La Hermandad de la Soledad surgió en Sevilla a mediados del siglo XVI, cuando esta Ciudad alcanzaba el máximo esplendor de su historia al lograr el liderazgo entre las grandes urbes de Occidente, debido principalmente al monopolio del comercio con América que la convirtieron en un centro cosmopolita de primer orden.

La primera constancia documental que tenemos de la existencia de la Cofradía se remonta al año 1549, cuando sabemos que residía y salía del monasterio de Santo Domingo de Silos, que se encontraba sobre el actual solar de la parroquia de San Benito, extramuros, no lejos de la Puerta de Carmona. Pocos años después la Corporación se constituyó oficialmente, constando que sus primeras reglas se encontraban aprobadas en 1557.
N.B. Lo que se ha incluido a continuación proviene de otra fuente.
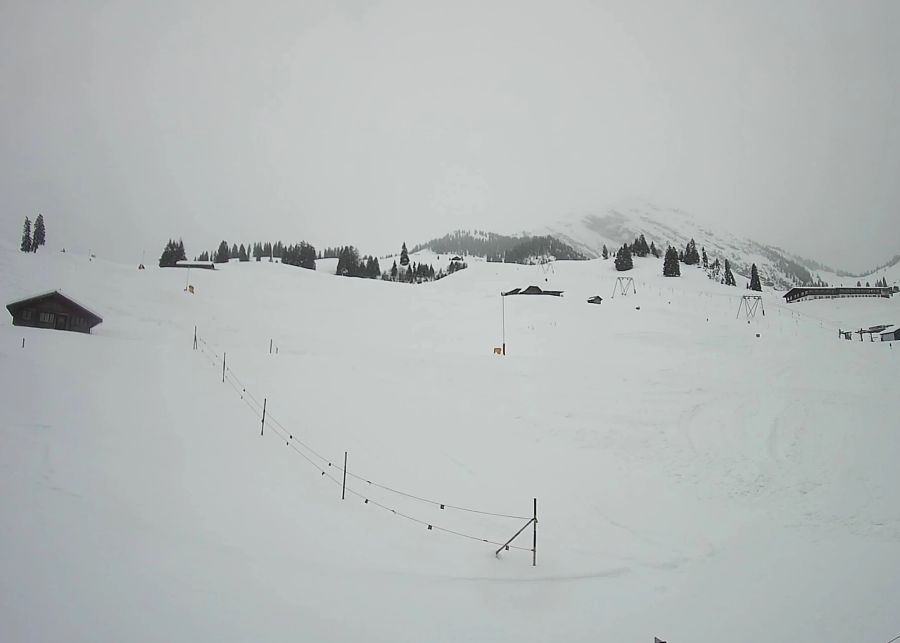 Die Webcams geben einen Blick in Richtung Wiriehorn und Homad um 10.20 Uhr.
Esas ordenanzas originales fueron modelo para la fundación de otras cofradías de igual advocación en Andalucía y en América, que además de emular esa normativa en lo referente al culto y organización interna, también adoptaron el aspecto externo de la Soledad sevillana, que con la ceremonia previa del Descendimiento, incluía luego en la procesión a los hermanos vistiendo túnica blanca con escapulario y antifaz negros, tal como sigue ocurriendo ahora, los pasos de la Cruz y del Cristo Yacente con una escolta de armaos, y por último la Imagen de N.ª S.ª de la Soledad que cerraba la tarde del Viernes Santo.
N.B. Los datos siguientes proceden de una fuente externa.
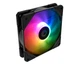 Вентилятор ID-Cooling TF-12025-ARGB, 120x120x25мм, 4-pin PWM, чорний - зображення 2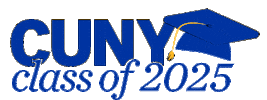 Graduation Cuny Sticker by The City University of New York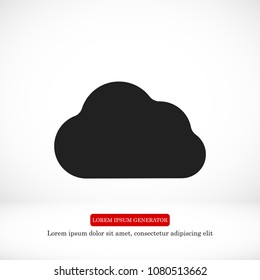 cloud icon, stock vector illustration flat design style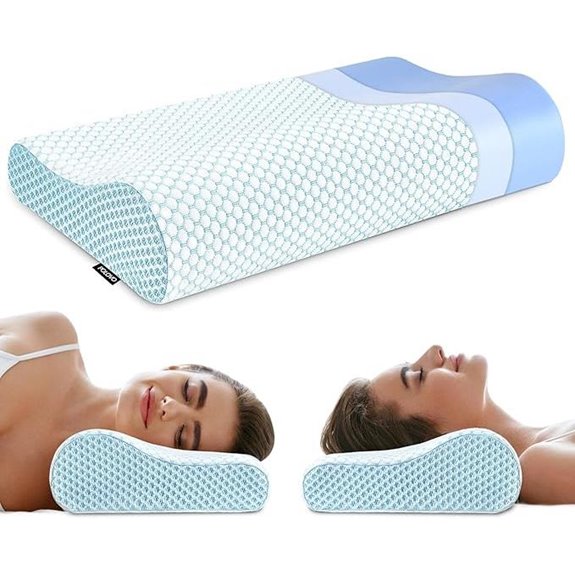 Memory Foam Neck Pillow for Sleep and Pain Relief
Posteriormente, el Domingo de Pascua, celebraba la Cofradía sevillana la ceremonia del encuentro entre el Resucitado y la Virgen de la Alegría en el claustro del convento agustino del Dulce Nombre de Jesús. Estas formas de culto externo se conservan hoy, de una u otra manera, por muchas cofradías soleanas, pero sin embargo desaparecieron en esta Hermandad primitiva a principios del siglo XVII, debido entre otras causas a la aparición de la hermandad del Santo Entierro con la que sostuvo un largo pleito (1577-1599) y las disposiciones promulgadas por el Cardenal Niño de Guevara en 1604. En ese momento quedó la Imagen de N.ª S.ª de la Soledad como única titular.

Poco antes, la Hermandad, tras pasar por los templos de Santiago de la Espada (1561-1568) y el Hospital del Amor de Dios (1569), se estableció en la Casa del Carmen calzado de Sevilla  edificando en sus terrenos una gran Capilla que fue alabada por los cronistas que la conocieron y en la cual permaneció desde 1575 hasta 1810, es decir, el período más prolongado de su historia.
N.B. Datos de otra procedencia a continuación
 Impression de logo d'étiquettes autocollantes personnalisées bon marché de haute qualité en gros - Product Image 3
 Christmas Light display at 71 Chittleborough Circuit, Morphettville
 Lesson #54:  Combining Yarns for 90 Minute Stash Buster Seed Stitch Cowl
Este edificio, con templo de una sola nave enfrentado a la iglesia principal del monasterio, se construyó sobre un terreno cedido por los carmelitas en las huertas del cenobio que lindaban con la actual calle Goles y se caracterizó por sus grandes dimensiones (42 metros de largo por 9 de ancho), engrandeciéndose espiritualmente en estos primeros años con diversas gracias otorgadas por los pontífices, conservando aún la Hermandad algunas bulas de esta época (1579, 1584, 1605), destacando entre estos documentos el de la agregación de la Capilla a la basílica romana de San Juan de Letrán (1594).

Tras el cambio de siglo se transformaron las formas externas de la Cofradía, pues en 1606 la Virgen de la Soledad estrenó un paso de palio de terciopelo negro bordado en oro, plata y sedas de colores, que constituye la primera obra de este tipo documentada completamente entre las cofradías sevillanas. Este baldaquino se continuó ejecutando hacia 1614 cuando se finalizó su techo y en 1620 cuando se sustituyeron los primeros diez varales de madera por una docena de plata.

La conformación de estas andas evolucionó al añadirse el resto de sus objetos suntuarios con el discurrir del siglo, estrenándose los faroles de entrevaral en 1661 y una nueva peana en 1663. Este paso de palio era precedido por una Cruz dispuesta sobre unas andas de pequeñas dimensiones en sus orígenes, pero que en 1632 fueron renovadas completamente, pues la Corporación contrató con Alonso Cano la hechura de un paso tallado con ángeles y querubines, que constituye también la única obra documentada del genial artista granadino para las cofradías sevillanas.